Local CLT for High-Dimensional Densities

Updated 27 October 2025

The paper presents a framework for achieving local CLTs in growing dimensions by decomposing sums into CLT and LCLT components with explicit error bounds.
It employs geometric decompositions and stabilization techniques to control dependencies and ensure pointwise Gaussian convergence in high-dimensional settings.
The analysis offers practical insights for high-dimensional inference and spatial statistics, specifying error rates and scalability conditions for complex models.

The local central limit theorem (LCLT) for densities in growing dimensions addresses the precise pointwise asymptotics of probability densities associated with sums or functionals of high-dimensional random variables and structures, where both the dimension and sample size scale together. The subject synthesizes abstract limit processes, saddlepoint approximations, geometric decompositions, and dependence structures to rigorously characterize the conditions under which Gaussian-like density convergence prevails, identifies explicit rates, and supports applications ranging from stochastic geometry to statistical inference and complex dependent models.
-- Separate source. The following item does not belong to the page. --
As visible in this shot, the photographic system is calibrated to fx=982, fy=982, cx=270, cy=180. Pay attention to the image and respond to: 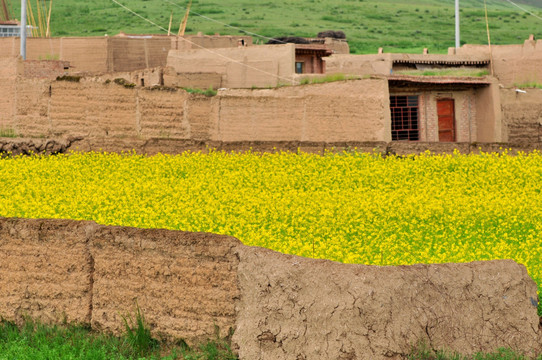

1. Theoretical Framework for Local CLT in High Dimensions

The principal structure underpinning LCLTs in growing dimensions is the careful decomposition of the target sum or functional. A general template is established in (Penrose et al., 2010) by considering

$Z_n = Y_n + S_n$

where $Y_n$ (CLT component) and $S_n$ (LCLT component) are independent, scaled so their variances are of the same order. Provided the error $\|Z_n - [Y_n + S_n]\|$ is negligible on the $n^{1/2}$ scale, and $Y_n$ satisfies a global CLT, then $Z_n$ satisfies a LCLT:

$\sup_{u\in\mathbb{R}} \left| n^{1/2} P[Z_n\in[u,\,u+b)) - \varphi_\sigma(u-E[Z_n]) \cdot b \right| \to 0,$

where $\varphi_\sigma$ is the normal density with variance $\sigma^2$ ((Penrose et al., 2010), formula (2.2)). Such decompositions are feasible due to strong geometric independence (e.g., spatial tessellation into "good boxes") or stabilization. Crucially, the validity of the LCLT extends to high dimensions as long as local dependencies are controlled (via partitioning or finite range interactions).

This abstract principle is refined through the use of saddlepoint approximations (SPA) for sums of i.i.d. random vectors $X_1, \ldots, X_n$ in $\mathbb{R}^d$ where $d$ grows with $n$ (Katsevich, 24 Oct 2025). The density of the normalized sum via SPA is

$\rho_n(a) = \frac{n^{d/2}}{(2\pi)^{d/2} \sqrt{\det H}} \exp\left[-n\varphi^*(a)\right] \cdot I(a)$

with $I(a)$ as a correction factor, $H$ as the Hessian at the saddlepoint, and $\varphi^*(a)$ as the Legendre transform. Under analytic and moment conditions, the SPA error—previously bounded by $O(d^3/n)$ —is refined to $O(d^2/n)$ . The local CLT (i.e., pointwise density convergence to Gaussian) holds with explicit multiplicative error bounds whenever $d^2/n\to 0$ ((Katsevich, 24 Oct 2025), Corollary 4.1).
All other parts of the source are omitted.